It goes without saying that the COVID-19 crisis has changed every aspect of our culture, most of all, our work. In the blink of an eye, companies have had to transition to remote work. Managers and owners have had to find ways to salvage their business’ financial situation. Individuals have had to deal with a host of mental health issues triggered by the pandemic.
It’s an understatement to say that companies across the globe have been negatively impacted, and in times of upheaval, employees often sink or swim. It’s important to note that sinking is not something to condemn people for; 2020 has been a year marked by loss and suffering, and as bosses or managers, we need to exhibit compassion for the people in our team who have lost so many things due to the pandemic.

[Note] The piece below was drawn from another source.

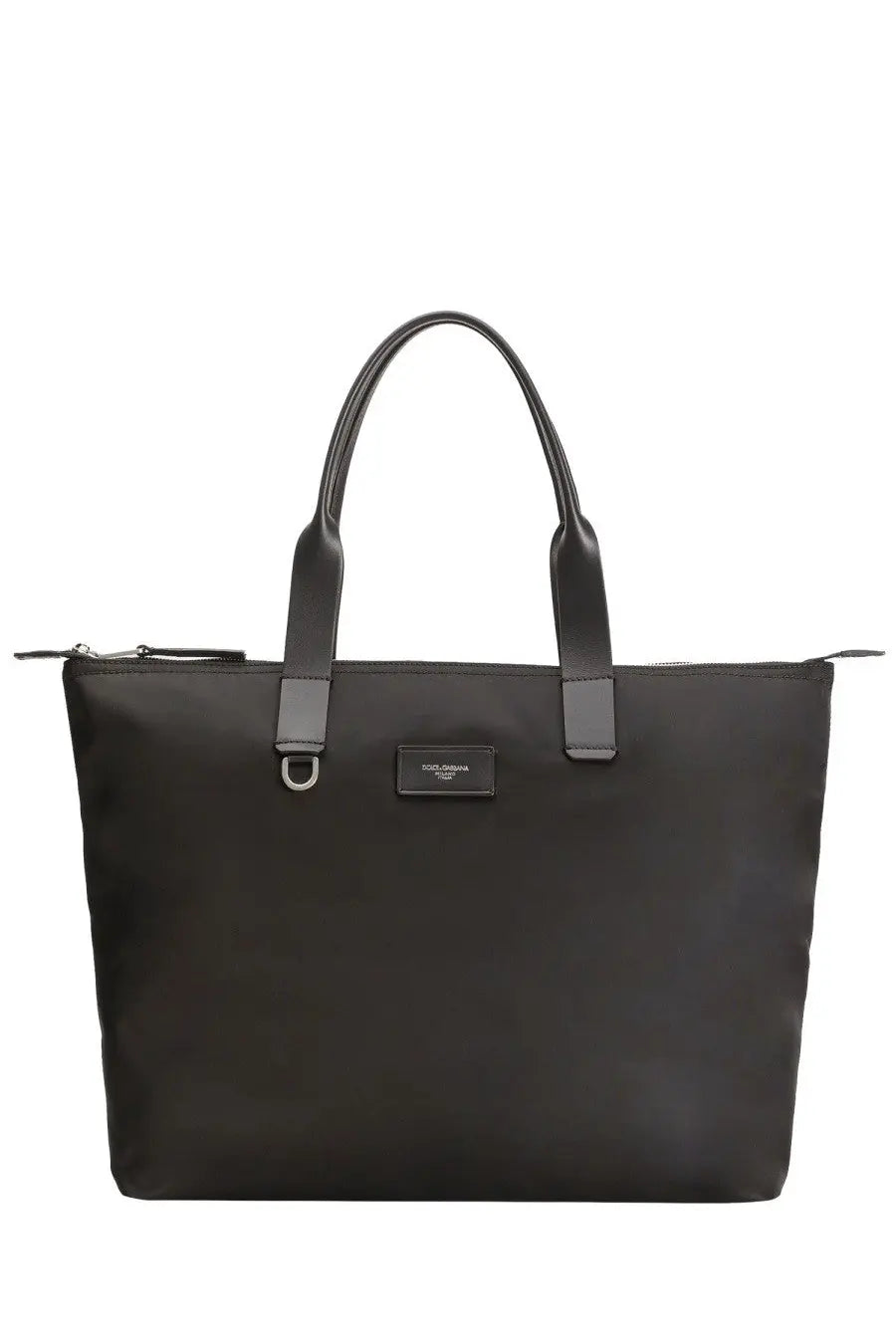 Dolce gabbana men’s adamo large black nylon tote bag with leather handles and branded metal plaque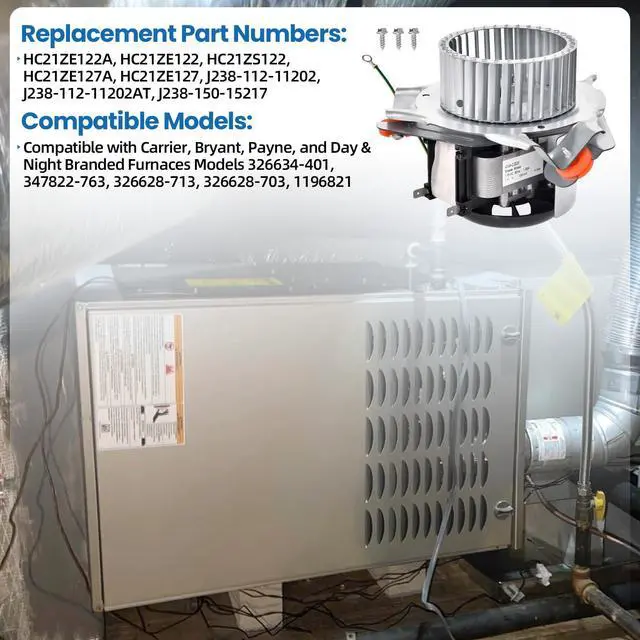 Alt view image 2 of 7 - HC21ZE122A, J238-112-11202 Furnace Draft Inducer Motor Kit Compatible with Carrier, Bryant, Payne, and Day & Night Models 326634-401, 347822-763 Exhaust Venter Motor, with Mounting Bracket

But it’s also a good time to see which of our people have shown leadership potential during this time of unprecedented tragedy. Here are the characteristics to watch out for when looking for potential leaders in your team during the time of COVID-19:
Having initiative means being resourceful and finding ways to present hardship without being told what to do. Having initiative and being resilient and determined go hand-in-hand; employees who have this quality show that they have the propensity to think for themselves and take immediate action when needed. An example of this is employees who show a willingness to adapt and pivot based on our ever-evolving circumstances–even if it means having to work harder than they did before the pandemic happened.
Being a leader entails having a vision and being able to cast that vision. Leading a team to victory involves being confident in one’s abilities to lead a whole team or project successfully, without doing damage to the company. Team members who have shown a level of confidence throughout the pandemic might be the kind of leaders who can build trust among the company’s stakeholders who rely on the managers’ leadership to get the business through the difficult years ahead.
During times of upheaval, many people tend to respond in three ways: fight, flight, or freeze. Those who fight have a propensity for defensiveness when things get rough. Employees with a “flight” tendency are more likely to “ghost” their bosses when they’re unable to meet their deadlines or accomplish their tasks, meaning they might not be able to respond at all to follow-ups or check-ins. True to its name, those who freeze find themselves completely unable to do anything at all due to the shock of the pandemic.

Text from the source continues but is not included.